In the story an illiterate ten-year-old girl, Eyo, is trafficked to the United Kingdom by her father with promises of work, an education and a fortune. And thus begins her five-year ordeal, first as a domestic servant and then as a child sex slave. Eventually, she is rescued from slavery by a Catholic priest and nun and sent back home to Nigeria with a view to rebuilding her life. However, she finds out that even in freedom, society demands an exacting price from those it should protect.
In the first of the four parts of the book, entitled "African Flower", the story opens with Eyo and her young brother, Lanre, eking out a living by selling iced water in Ajegunle, a sprawling slum in Lagos, Nigeria. Christened Jungle City by its residents, life is harsh and brutal, both day and night. One must have nerves of steel to survive. Eyo finds herself warding off petty thieves and molesters in the streets, and an amorous landlord at home. But it is her father, Wale, who sexually harasses her with the full knowledge of her mother. She’s willing to play her father’s sex toy as long as he does not touch her five-year-old sister Sade.

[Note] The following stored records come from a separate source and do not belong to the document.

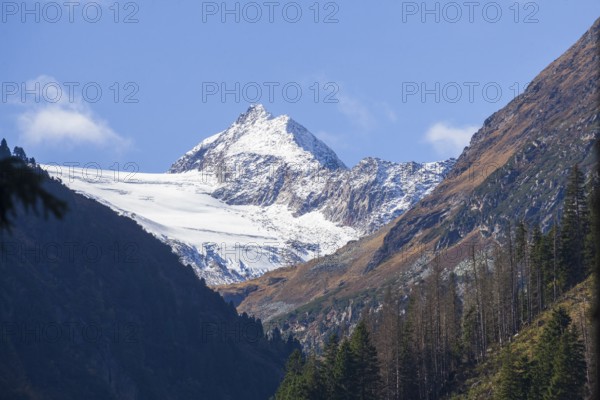 Forest and mountains with Stubai Glacier and Aperer Pfaff near Ranalt in autumn, Ranalt, Neustift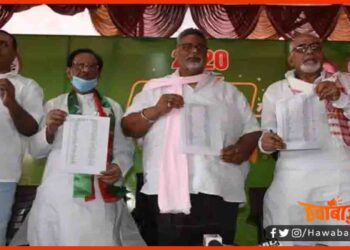 Pappu Yadav, JAP, Bihar Chunav, Bihar Chunavi Khabar, Bihar Hindi News,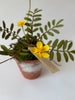 PAPER FLOWERS - Potentilla Anserina — by Atelier Nature Morte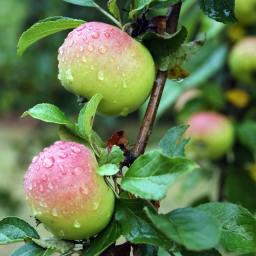 On the Prelapsarian Perfection of Man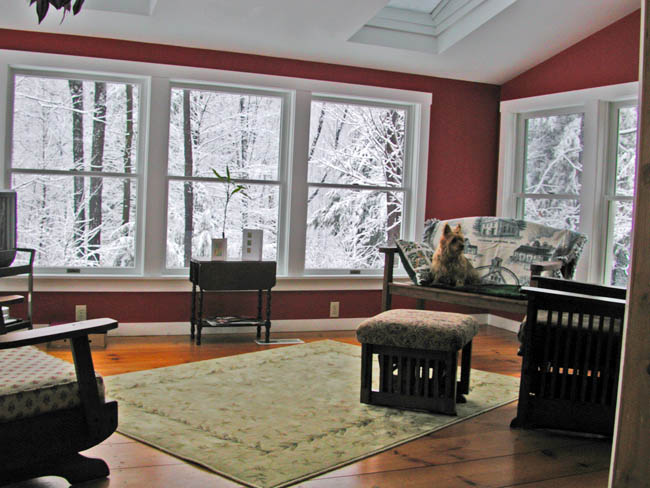 Watson Enjoying the Sunroom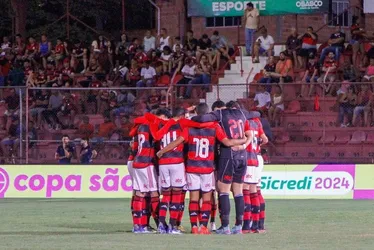 Imagem ilustrativa da imagem Flamengo lidera investimentos nas categorias de base no Brasil
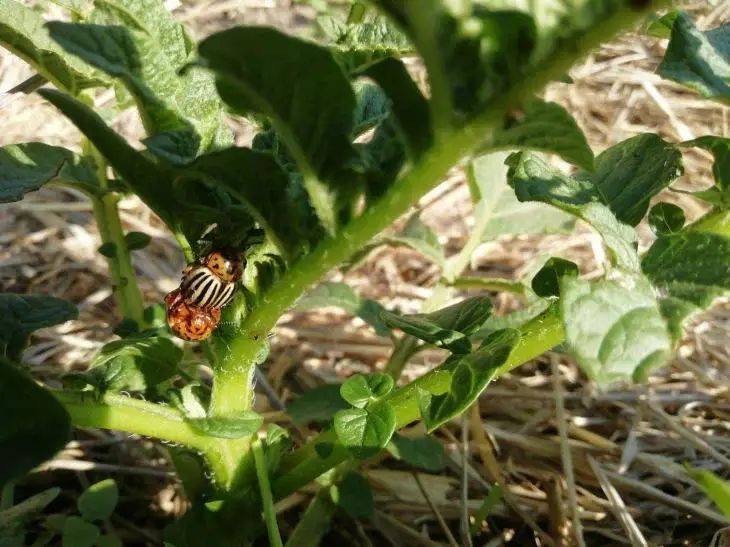 Колорадский жук – «в пролете»: 5 способов избавиться от злостного вредителя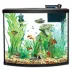 Top Fin® Bow Front Aquarium Starter Kit -  36 Gallon image thumbnail 1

Plagued by financial problems, Wale approaches his old friend, Femi, to take Eyo away from Jungle City. Uncle Femi, a human trafficker and once a resident of Jungle City, has grown wealthy from illicit trade. He agrees to take Eyo to London where she would get an education and thereafter a good job and with it a fortune. She would be sending money and other things home to help her siblings. Perhaps when she’s settled she’d send for her siblings and they too would get an education and a job.
Upon arrival in London, she’s taken to a couple who have "bought" her to take care of their children. She’s "imprisoned" in the house where she is forced to do household work from early in the morning till late in the night. She not only works forcefully, but she is also assaulted physically at the slightest provocation. Soon, Sam, the man of the house, starts to sexually assault her and, having discovered her skills, which were learned from her experiences with Wale her father, begins to play pimp. It is only when she miscarries that the couple gets rid of her by "selling" her to another pimp, Big Mama.
At Big Mama’s, Eyo performs well, thanks to her experience at Jungle City. She becomes Big Mama’s favourite sex provider and income earner. In this second part of the book, entitled “African Lolita”, Eyo comes face to face with the harsh reality of commercial sex and worst of all sex slavery. Despite the earnings she brings to Big Mama through clients’ fees and other compliments, she does not get anything better than rationed food. She has to satisfy clients whatever and whenever Big Mama desires.
Fearing that Eyo might gain her freedom through her clients, Big Madam passes on the "sex slave" to another pimp named Johnny. Johnny is both crude and violent constantly unleashing terror on Eyo whenever she fails to comply with his orders. He also makes pornography using her. Now having given up on the earlier promises, she sinks into helplessness and is no longer sure that she’s human anymore. She refuses to be called Eyo again and adopts the name "Jungle Girl", the title of the third part of the book.
While with Johnny, who also doubles up as her boyfriend, Eyo encounters the tireless Father Stephen and Sister Mary who have devoted their lives to rescuing girls like Eyo from the streets. After numerous attempts by the duo to get to Eyo, they only managed when Eyo sought asylum at the Sanctuary. It is here that Eyo rediscovers herself and, with the help of Nike, a human rights lawyer, starts the road to recovery. Nike is also determined to bring the perpetrators of this inhuman practice to book. But to her surprise, the underground network that runs the trade is so deep-rooted that it is difficult to uproot.